Dr. Wendy F. Smythe: 2019 Professional of the Year / Haida of the Eagle moiety and of the Sdast’ aas (Fish egg) house

Dr. Wendy F. Smythe, Haida, never thought her career would veer into the world of public policy. After growing up in the rural community of Hydaburg on Alaska’s Prince of Wales Island, she earned a dual PhD in estuary and oceans systems and environmental science and engineering from Oregon Health and Sciences University in 2015. A passionate advocate of STEM education in Native communities, Dr. Smythe founded the Geoscience Education Program in Hydaburg. It’s an initiative that has helped boost the number of college-bound students from about 19 percent when the program started 12 years ago to about 65 percent of high school graduates opting to enter college or trade school to pursue STEM degrees.

A two-year post-doctoral NSF (National Science Foundation) AAAS (American Association for the Advancement of Science) Technology and Policy Fellowship at the BEACON Center for the Study of Evolution in Action at Michigan State University showed her the power of policy. “My post-doctoral mentor told me, ‘the work you do in your tribal community is policy,’” recalls Dr. Smythe, this year’s winner of the Professional of the Year award. “I told her it was just me doing work at home as a scientist.”

But Dr. Smythe has come to understand the significant impact — both good and bad — that policy can have on paving the way for more Native students in STEM fields. As an NSF AAAS Fellow for the past two years, Dr. Smythe has worked hard with program officers on making informed decisions when it comes to funding proposals focused on Native American/Alaska Native communities. “Money is policy. If you don’t direct money to ethically and culturally aligned projects, we do damage and disservice to the community,” she says. “Millions are given to Native education, and when there is no change there is an assumption that Native people don’t care about education. But the reality is that it hasn’t been done in a culturally and ethically responsible way.”

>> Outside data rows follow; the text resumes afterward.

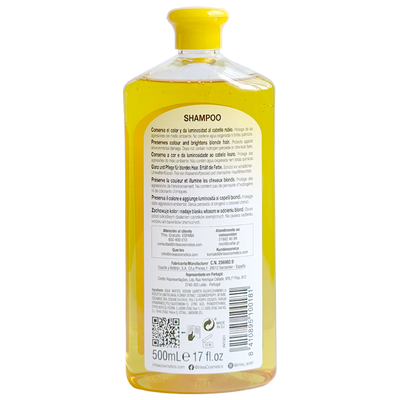 copy of Shampoo per capelli biondi Camomila Intea® RIFLESSI BIONDI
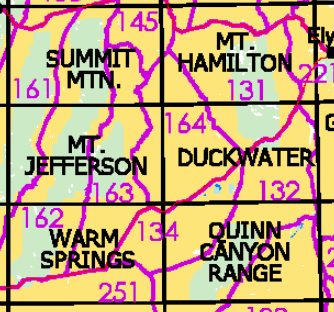 Nevada Hunting Unit 164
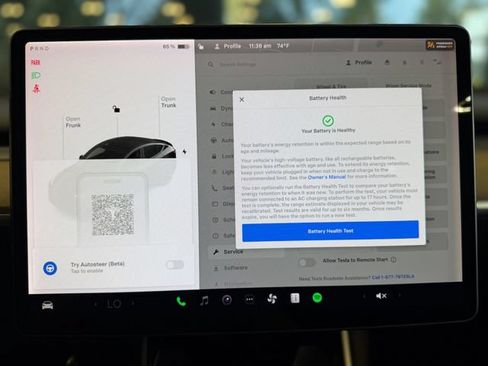 Used 2021 Tesla Model Y Long Range AWD/4WD image 20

Dr. Smythe has come to understand the significant impact — both good and bad — that policy can have on paving the way for more Native students in STEM fields.

To help change that dynamic, Dr. Smythe created a professional development workshop for NSF program officers that focuses on tribal sovereignty, governance, best practices, and ethics for evaluating science and education research projects. She also has served as a reviewer of proposals submitted to NSF’s Geoscience Education division for the past several years. While improved education of program officers about the appropriate way to evaluate proposals from Native communities helps, ultimately the aim should be increased diversity among the program officers themselves. “I think the first step is to increase the number of program officers who are Native. I was the only Native that I know of in the foundation addressing these issues, and with me leaving, my concern is who will continue the work,” says Dr. Smythe, who went on to become an assistant professor at the University of Minnesota Duluth with a joint appointment in American Indian Studies and Environmental Science, the first scientist to join both departments.

One key ingredient to improved policy and funding of Native education programs is clarity on the intersection between traditional ecological knowledge and STEM disciplines. “Our way of knowing is different, as we look at STEM as a single and interrelated sphere, whereas in academia that knowledge gets compartmentalized as separate unrelated concepts,” she says.

All these efforts involve necessary but challenging structural changes. And Dr. Smythe has plenty of experience tackling big challenges. Despite her impressive academic achievements, Dr. Smythe insists she was a late bloomer. That all began to change in a seventh-grade science class, when her teacher made the topics and experiments fun. Even more important, Dr. Smythe’s fisherman grandfather — who took over the role as a father figure when Smythe lost her own dad when she was just 11 — preached about the importance of education. When he passed away, he left money for Dr. Smythe to take a microbiology class. “I wanted to do well because he had given me the gift of education,” she says. “The spark was lit.” Ever since, Dr. Smythe has been doing her best to light that same spark for as many Native students as possible.